• [Exercise details]:
Repeat the data exactly, please; no pictures belong in the copy.

• [Data provided]:
····················

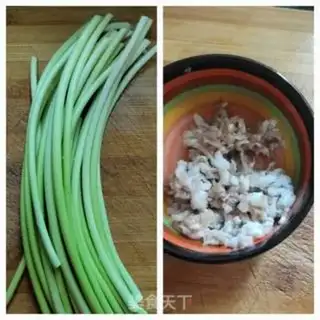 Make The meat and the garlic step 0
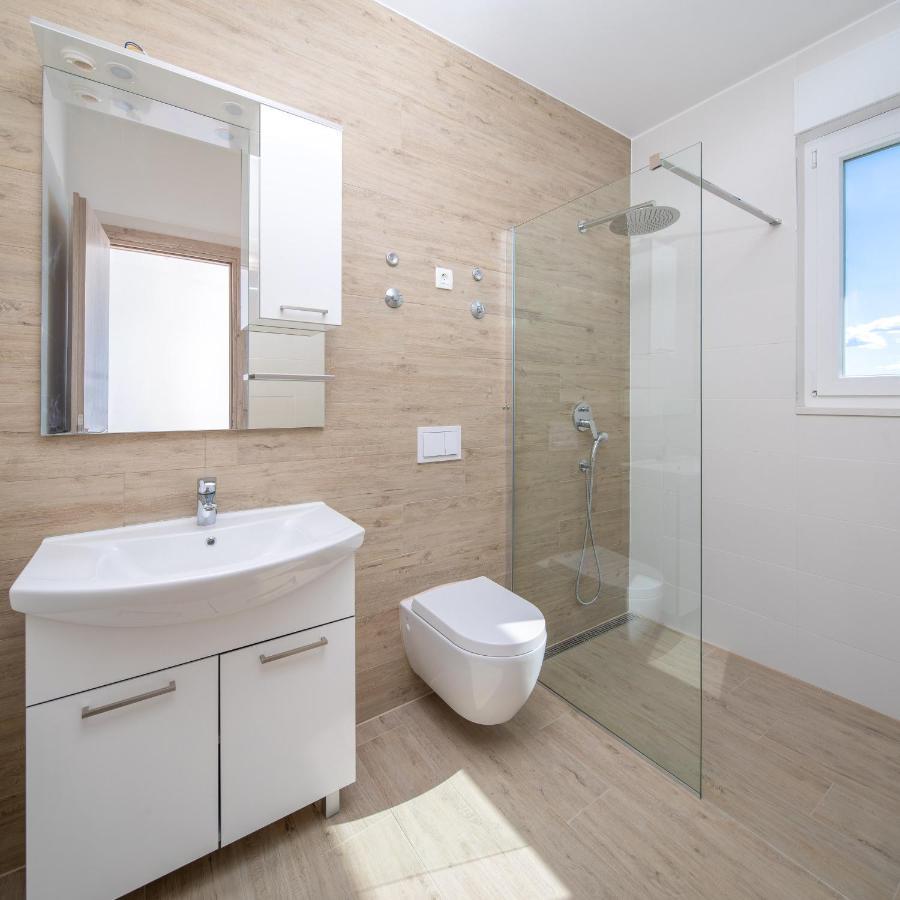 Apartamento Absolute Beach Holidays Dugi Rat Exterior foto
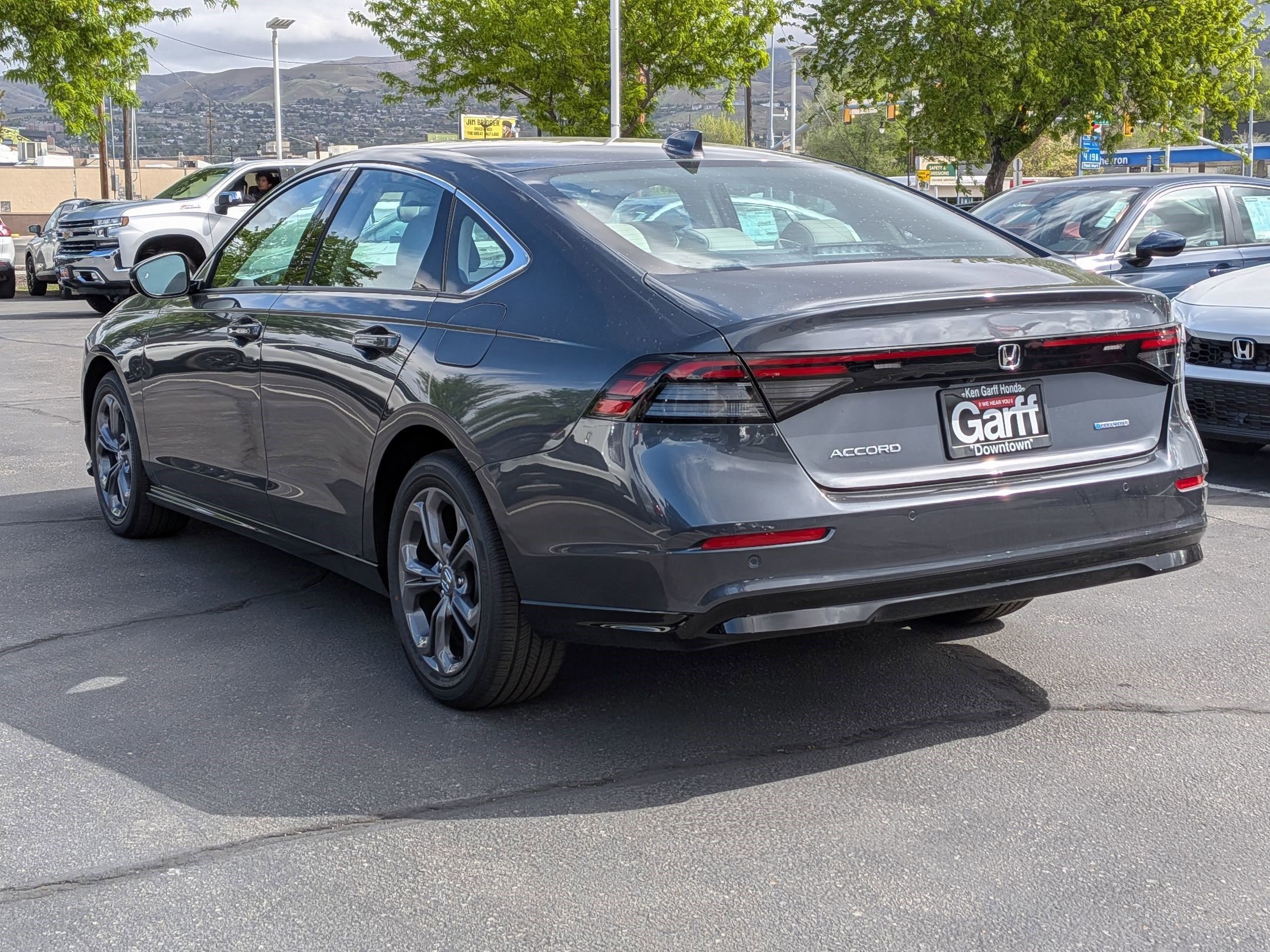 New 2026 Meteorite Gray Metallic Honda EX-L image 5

····················

• [Output]:
 Make The meat and the garlic step 0
 Apartamento Absolute Beach Holidays Dugi Rat Exterior foto
 New 2026 Meteorite Gray Metallic Honda EX-L image 5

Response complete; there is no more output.